■ Records for processing
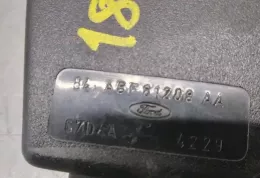 84ABF61208AA пряжка переднього ременя безпеки Ford Orion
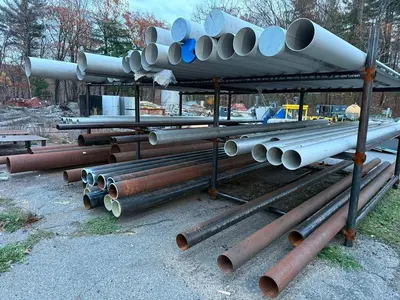 LARGE AMOUNT OF CAST, STAINLESS STEEL, ALUMINUM, GALVINIZED AND PVC PIPES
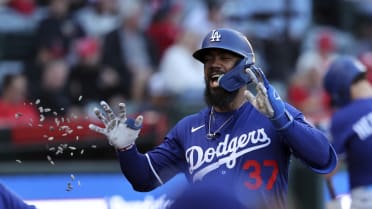 Teoscar Hernández's solo homer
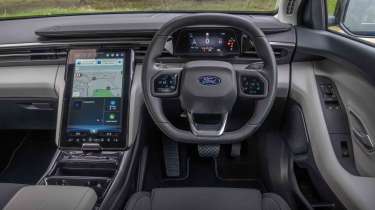 Ford Explorer - dashboard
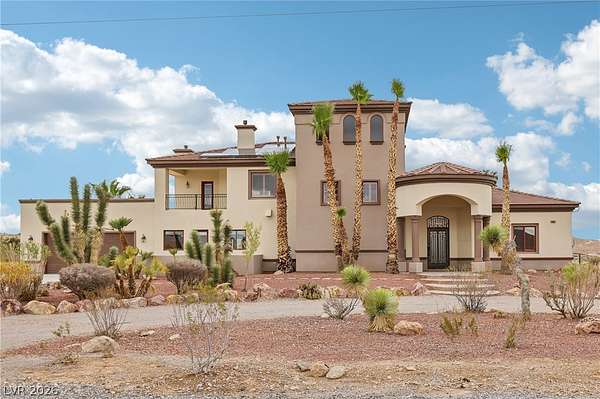 2.23 Acres of Land with Home for Sale in Las Vegas, Nevada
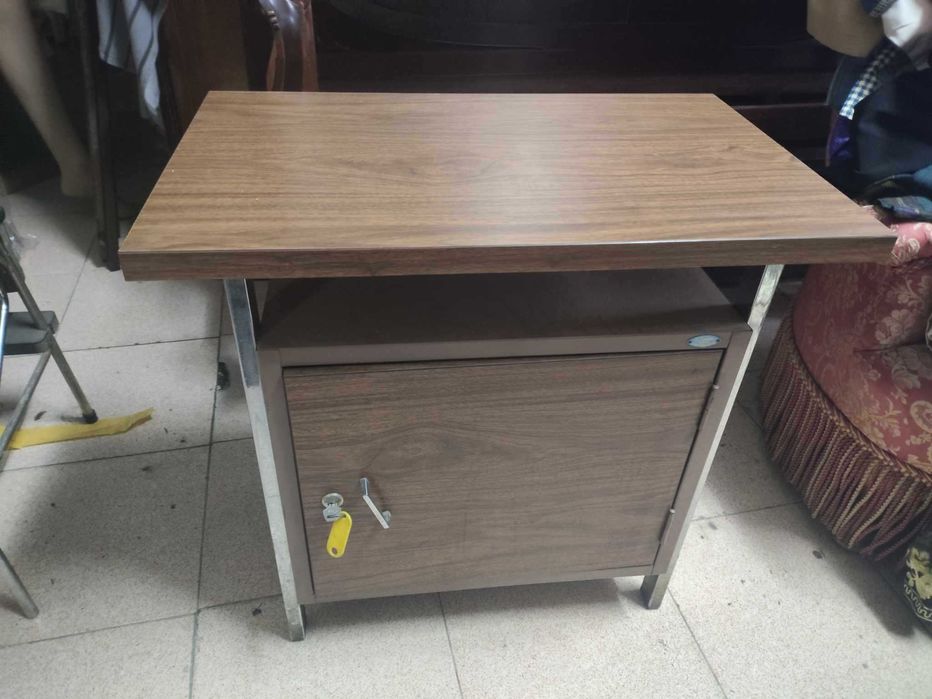 Movel pequeno de escritorio vintage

■ Assigned task
Output, exactly and only: the line containing "2.23 Acres of", the last line of the listing above, and every line in between. Leave the pictures out.

■ Exercise output
 2.23 Acres of Land with Home for Sale in Las Vegas, Nevada
 Movel pequeno de escritorio vintage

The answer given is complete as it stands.